Are Latin American resource stocks safe?Take a look at an article on political change in Latin America. This will have impact on BCM, PCR, NOC, and many others.
"Turmoil in Latin America: Implications for the Natural Resources Industries
By Alexander Turkeltaub and Alex Gorbansky
05 Jan 2006 at 12:29 PM EST
BOSTON (NGO Research Group) -- For mining and energy companies, Latin America is a continent where above-ground risks matter as much as the below-ground fundamentals. The election of Evo Morales to the Bolivian Presidency suggests that the above-ground operating environment for natural resources companies in Latin America could be deteriorating.
The election of Mr. Morales, the son of a miner and a firebrand activist whose platform promises to nationalize much of Bolivia’s gas industry could spell the beginning of a leftward wave in Latin America.

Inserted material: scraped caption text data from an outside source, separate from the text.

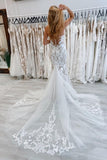 New Long Mermaid Off-the-shoulder Lace Sleeveless Wedding Dresses-misshow.com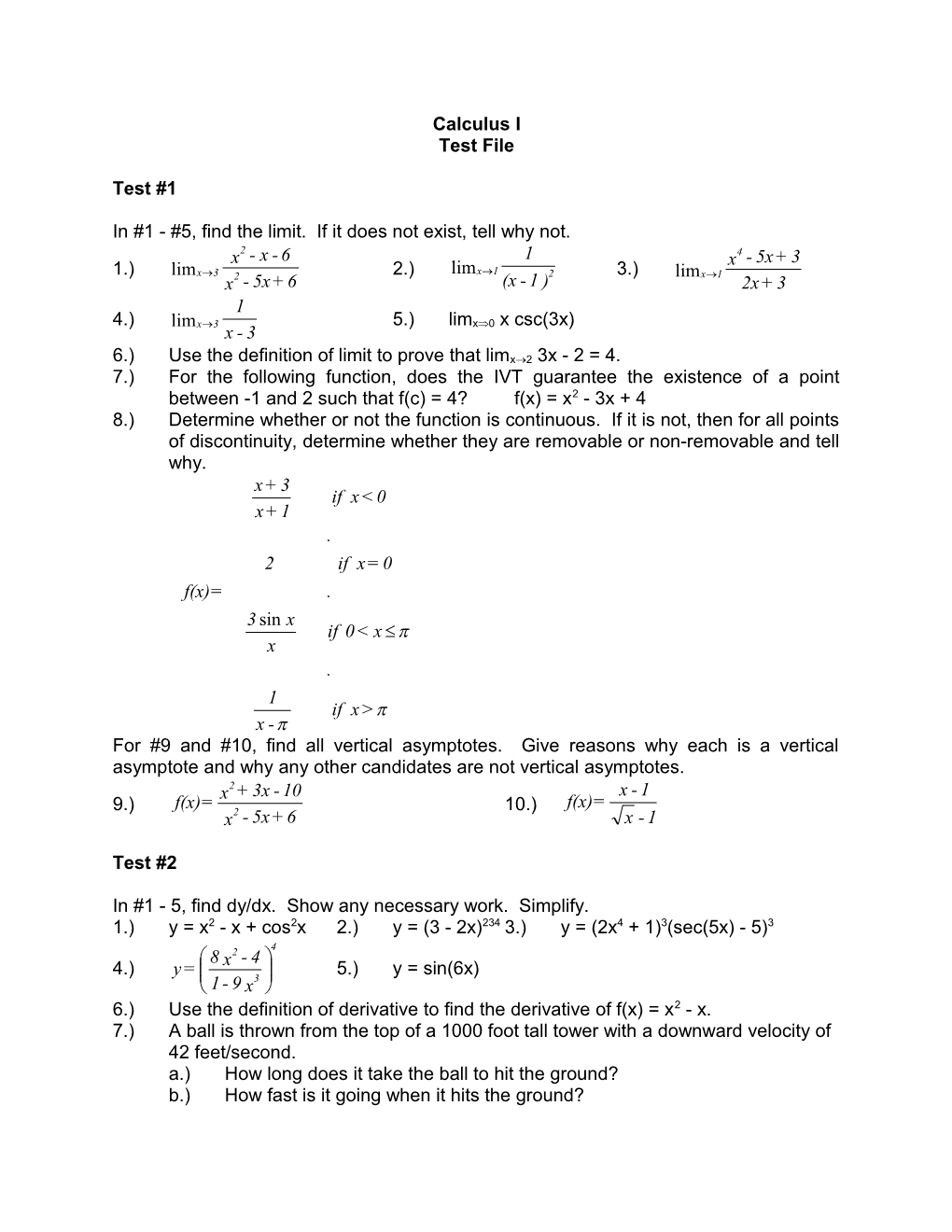 In #1 - #5, Find the Limit. If It Does Not Exist, Tell Why Not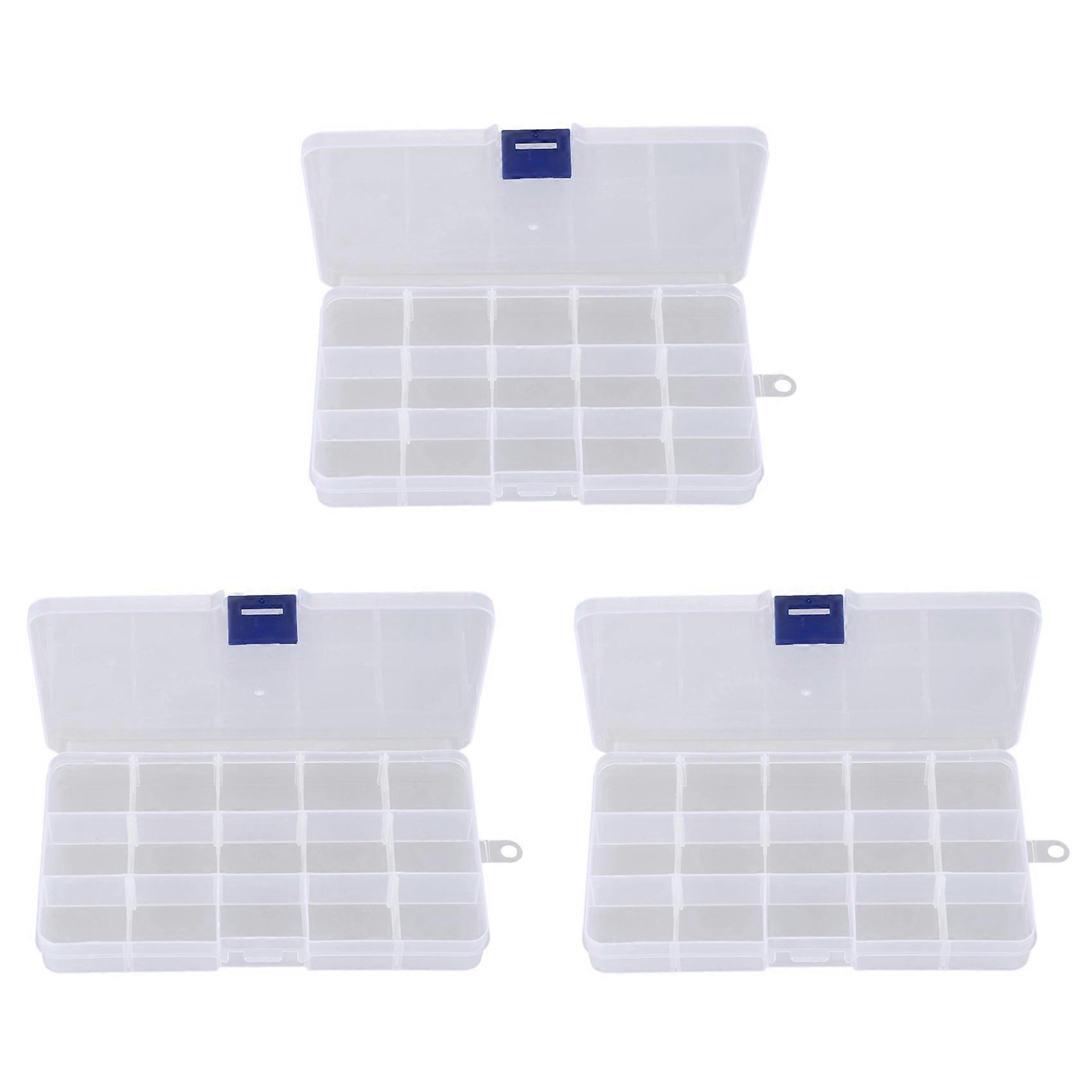 3X Electronic Components 15 Slots Detachable Plastic Cases Boxes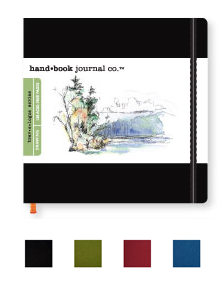 Travelogue Journal – Square 5.5 x 5.5 in. – Landscape Cadmium Green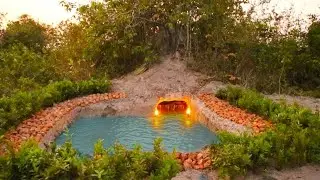 Dig Source Groundwater to Build Amazing Swimming Pool & Secret House Under Termite Hill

In 2006, at least 12 countries in the region will go to the polls (Chile has already voted and is awaiting a run-off election between the favored left wing candidate and her conservative opponent). In many, including Peru, Brazil, Mexico and Ecuador, the winner could very well be a left-wing populist eager to make it more difficult for companies to operate in their country.
What does this mean for the natural resources industries?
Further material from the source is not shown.